Data Block Start

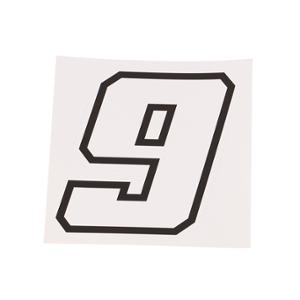 Autocollant numéro de course adaptable 9 Blanc Contour Noir 10 cm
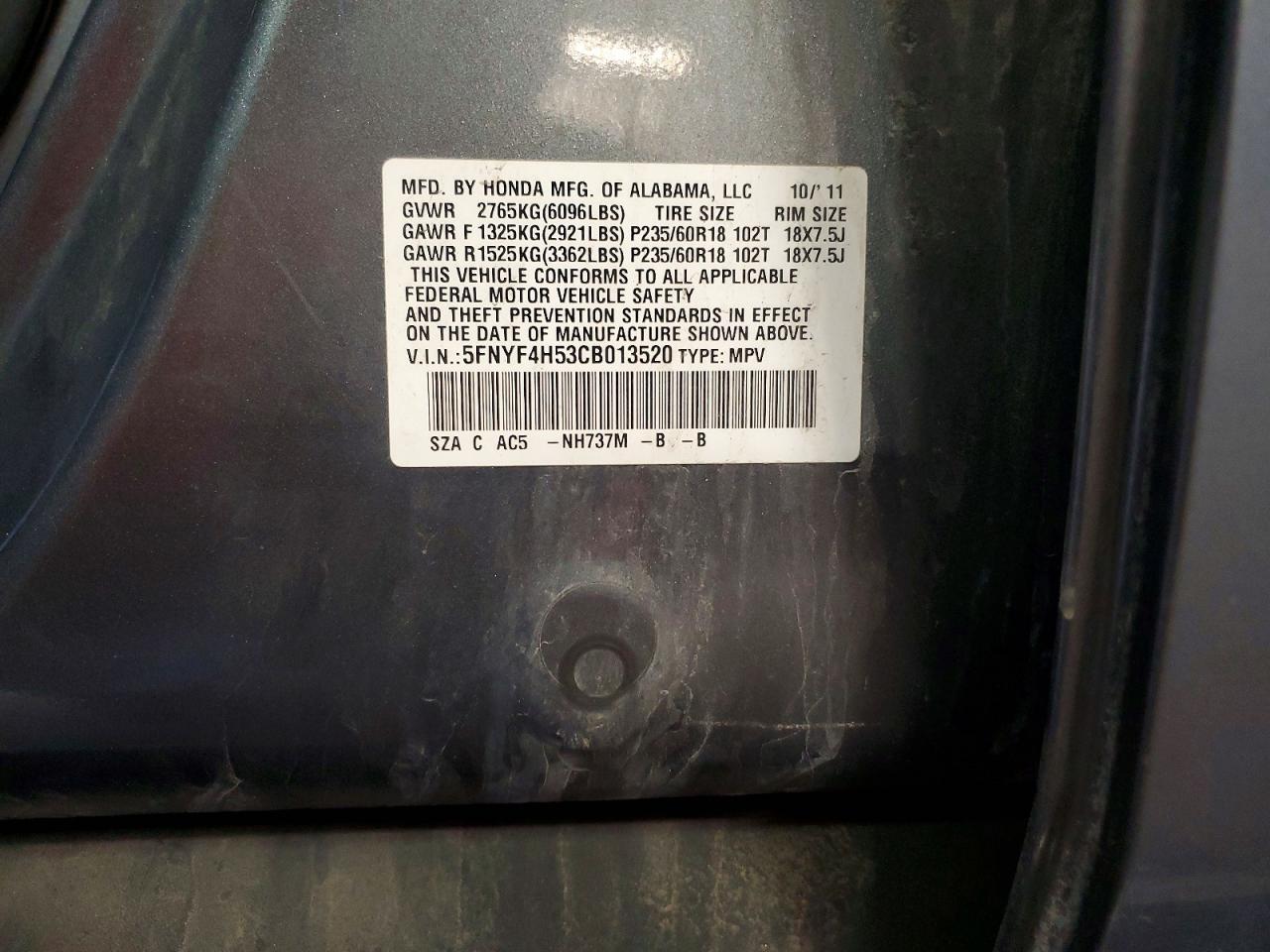 2012 Honda Pilot Exl Silver vin: 5FNYF4H53CB013520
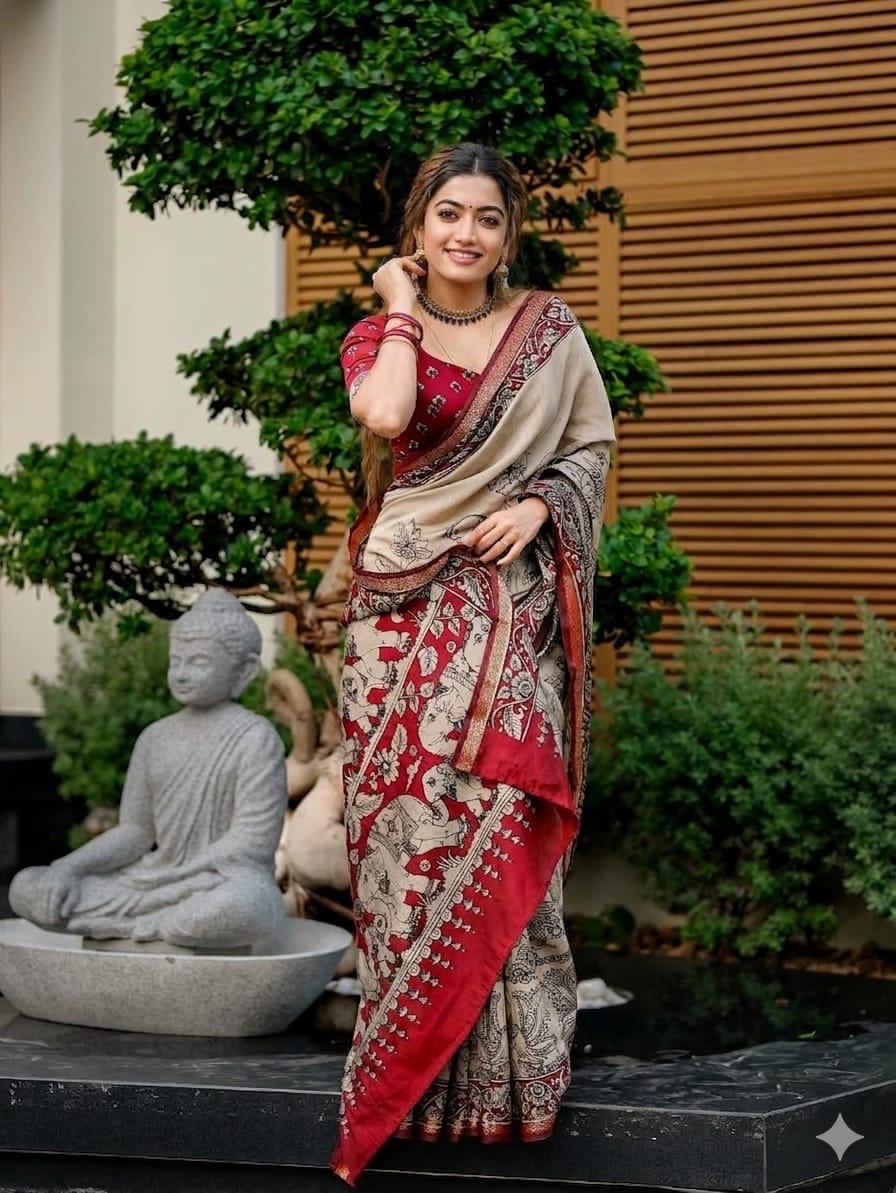 Marshmallow Kalamkari Saree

Data Block End

◆ **Exercise instructions**:
Output exactly the lines from the one that has "2012 Honda Pilot" through the end of the data. Do not include pictures.

◆ **Exercise result**:
 2012 Honda Pilot Exl Silver vin: 5FNYF4H53CB013520
 Marshmallow Kalamkari Saree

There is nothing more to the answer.